The drugstore chain's revenue hit $5.42 billion, slightly above the $5.36 billion reported in last years second quarter results. Same-store sales increased 1 percent from the same quarter last year, including a 1.6 percent increase in pharmacy sales and a 0.1 percent decrease in front-end sales. Rite Aid's adjusted earnings before interest, taxes, depreciation, and amortization were $148.6 million, compared with $136.9 million from the previous year.
The company reported a net loss of $352.3 million, or 33 cents per share. The company said it incurred $282.6 million in intangible asset impairment charges related to its pharmacy services segment. When stripping out such one-time events, the company reported a loss $7.9 million or 1 cent per share.
“During the quarter, we have been hard at work accelerating our standalone strategy to capitalize on key opportunities to grow our business,” said Rite Aid Chairman and Chief Executive Officer John Standley. ”These efforts helped us drive significant improvement in front-end and pharmacy comparable stores sales and exceed our plans for script count growth. With our trusted brand of health and wellness, highly popular customer loyalty program, innovative Wellness format and expanding offering of health and wellness services, we have a strong foundation for growth.”
The company also named three new board member nominees in the hopes of appeasing shareholders who opposed the Albertsons merger. The three new independent director nominees – Robert E. Knowling, Jr., Louis P. Miramontes and Arun Nayar – will stand for election at the 2018 Annual Meeting of Stockholders, which is scheduled to be held at 8:30 a.m. ET on Oct. 30, at the Marriott Marquis Hotel, 1535 Broadway, New York, NY. In addition to the three new independent nominees, Joseph B. Anderson, Jr., Bruce G. Bodaken, Kevin E. Lofton, Michael N. Regan, John T. Standley and Marcy Syms will stand for re-election to the Rite Aid Board.
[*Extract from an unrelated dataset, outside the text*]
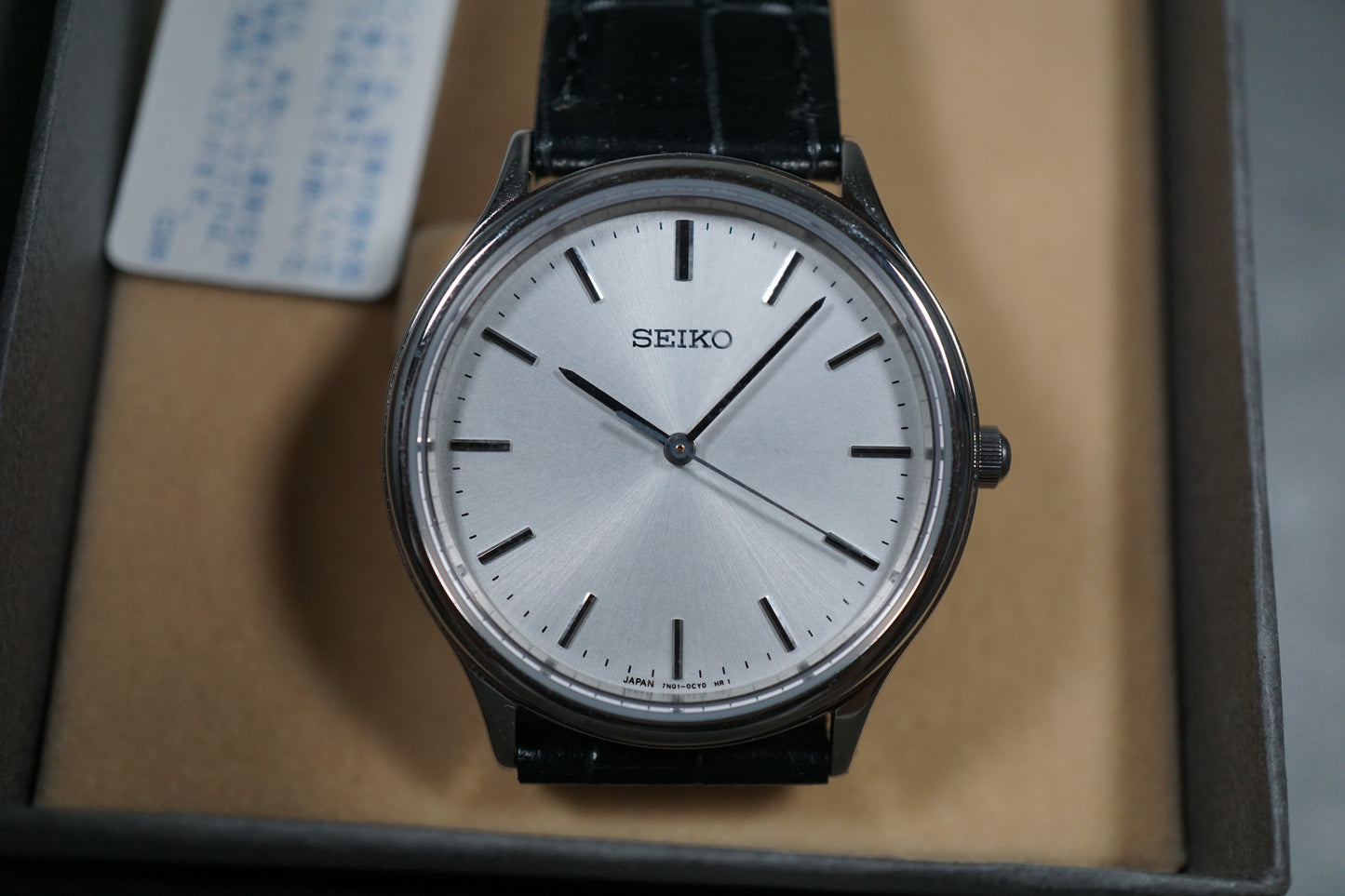 New NOS Seiko SSDA017 7N01 White Dial Classic Style Quartz Watch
The company also announced that it has decided to separate the positions of Chairman and Chief Executive Officer. Bruce G. Bodaken will hold the position of Chairman, effective at the 2018 Annual Meeting of Stockholders.
“These changes will significantly strengthen and enhance the Board’s governance oversight and reflect our commitment to aligning Rite Aid’s interests with those of stockholders,” said Mr. Bodaken. “Since terminating the transaction with Albertsons, we have engaged directly with many of our largest stockholders. Based on the valuable insight and input we have received, we are accelerating our effort to refresh the Board. We are pleased to welcome Bob, Lou and Arun, and believe their fresh perspectives will be significant assets as we continue to oversee the development and implementation of our strategy to best position Rite Aid to create long-term value for stockholders.”
Rite Aid terminated its planned merger with grocery chain Albertsons in August amid opposition from investors. Those who opposed the merger argued that such a deal would have provided Albertsons’ privat equity owner, Cerberus Capital Management, a means to take the company public, with no benefit to Rite Aid shareholders. Rite Aid had said it hoped to reinvent itself with the help of Albertsons, while the grocery chain said it hoped to use the merger to eventually go public and raise cash to revamp its store portfolio.
With the deal now off, both retailers face competitive challenges as standalone companies, but none more so than Rite Aid. The drug chain is competing in a sector that is challenged by Amazon entering the online pharmacy business and other evolving dynamics in health care and retail. And the top two drug chains, CVS and Walgreens, are both heavily investing in health care and leading the sector.
In the second quarter, the company remodeled 33 stores, bringing the total number of wellness stores chainwide to 1,726. During the second quarter, the company closed 8 stores and opened 1 store, resulting in a total store count of 2,526 at the end of the second quarter.